SOME WAITERS ARE SO INTRUSIVE that they become Topic A at the table. Others are so invisible, you imagine Casper the Friendly Ghost is the attendant for your meal. And then there are servers like the one I had at Dish + Drinks a few times, capable of juggling multiple tasks with ease and injecting levity into visits.
"I have it on good authority that neither the lamb nor the chicken had a name," he informed a friend and me after we spent a few minutes with the restaurant's short menu. "Not to get too personal," he added after one of us ordered the poultry, "but do you eat your chicken with your fingers or a knife?" On a subsequent visit, the same gentleman served as a walking chamber of commerce for the restaurant, formerly known as just Dish and now in the (mostly) capable hands of chef Peggy Thompson. The pork chop, he claimed, would be "the best you ever had," while the softshell crabs were described in the rat-a-tat style of a radio commentator. "Just in. Tempura. Served with spicy slaw."
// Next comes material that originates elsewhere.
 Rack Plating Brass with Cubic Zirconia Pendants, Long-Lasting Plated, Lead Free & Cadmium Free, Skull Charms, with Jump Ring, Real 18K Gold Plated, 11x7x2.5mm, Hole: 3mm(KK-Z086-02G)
Looking for dinner before a performance at the Kennedy Center? An easy place to catch up with a friend? Dish + Drinks in the River Inn is happy to oblige. Renovated last year, the cozy gold-and-green dining room appears to have retained little of what was, save for the sepia-toned canine photographs by William Wegman on the walls and an on-going problem with noise. A communal table now graces the scene, raising its takers a foot or so higher off the ground than customers at surrounding seats. Striped bamboo floors add a chic touch, but I could do without the TV above the bar. (Note to restaurateurs: Some of us don't mind a little silence with our meals. Some of us would prefer not to share dinner with a cast of talking heads.)
Dish was a restaurant that took fun seriously. Previous chefs had us smiling at the sight of buttermilk fried chicken presented with a rolled-up paper napkin (of course diners wanted to eat the bird with their fingers!) and a sweet tribute to boardwalk snacks that brought together funnel cake, caramel corn and house-churned mint ice cream in a waffle cone.
Thompson, a graduate of the L'Academie de Cuisine in Gaithersburg and most recently affiliated with the Georgetown Club, follows in some of her predecessors' footsteps. In winter, her menu included super-crisp taquitos filled with spicy shredded pork, and golden conch fritters arranged on lentils in a martini glass -- ideas that reminded me how far hotel menus have come, and notions that deserve longer play here. More recently, I've encountered a fine little crab cake sporting a crown of light fried onion, and a twist on bruschetta that finds heirloom tomatoes, basil pesto and goat cheese crumbles in a bowl decorated with shards of grilled baguette. That highly touted pork chop is very likely not the best you ever had -- mine was hard to cut -- but the softshell crab yields a little marvel of crunch and sweetness, and its slaw proves equal to its billing. Roast chicken comes with a glossy skin and flattering escorts (a soothing sweet potato gratin and broccoli rabe with some bite when I ordered the entree). Herby lamb chops with a brassy tomato jam can be ordered as a first course or a main dish, a nice nod to mixed appetites.
I'm not a fan of hyper-detailed food descriptions. Brief is generally fine by me. But I was surprised to order shrimp cocktail one lunch and get a version that was fried. The shrimp itself was good, but its side nest of greens and shredded carrots was drenched in a vinaigrette that tasted mostly of soy sauce.
The current dessert menu suffers in comparison with earlier scripts, in part because Heather Chittum, one of the city's better known pastry talents, once helped keep Dish interesting with amusements that included that boardwalk fantasy. (She has since moved to Hook in Georgetown.) The options nowadays run to the unimaginative. In 2008, it's hard to believe a restaurant with any aspirations would serve nothing more adventurous than bread pudding and brownie sundaes.
The concise wine list suits the price points and the flavors of the menu; the bottle average is around $40, and every wine served by the bottle is available by the glass. Unless you're Steve Case, however, you might wish to inquire about the cost of a cocktail before ordering it. I was shocked to be charged $13 for a margarita that was no better than pleasant. At that price, the drink should be served in Baccarat, and the recipient should have island sand beneath his feet. But a deal of a pre-theater meal awaits those who dine on the early side: Monday through Saturday, from 5 to 7 p.m., Dish + Drinks presents three courses for $35. There's something to applaud.
Open: lunch Monday through Friday 11:30 a.m. to 2:30 p.m.; dinner Monday through Thursday 5 to 10 p.m., Friday and Saturday 5 to 11 p.m. Closed Sunday. All major credit cards. Metro: Foggy Bottom-GWU. Valet parking. Entree prices: lunch $15 to $22, dinner $20 to $35.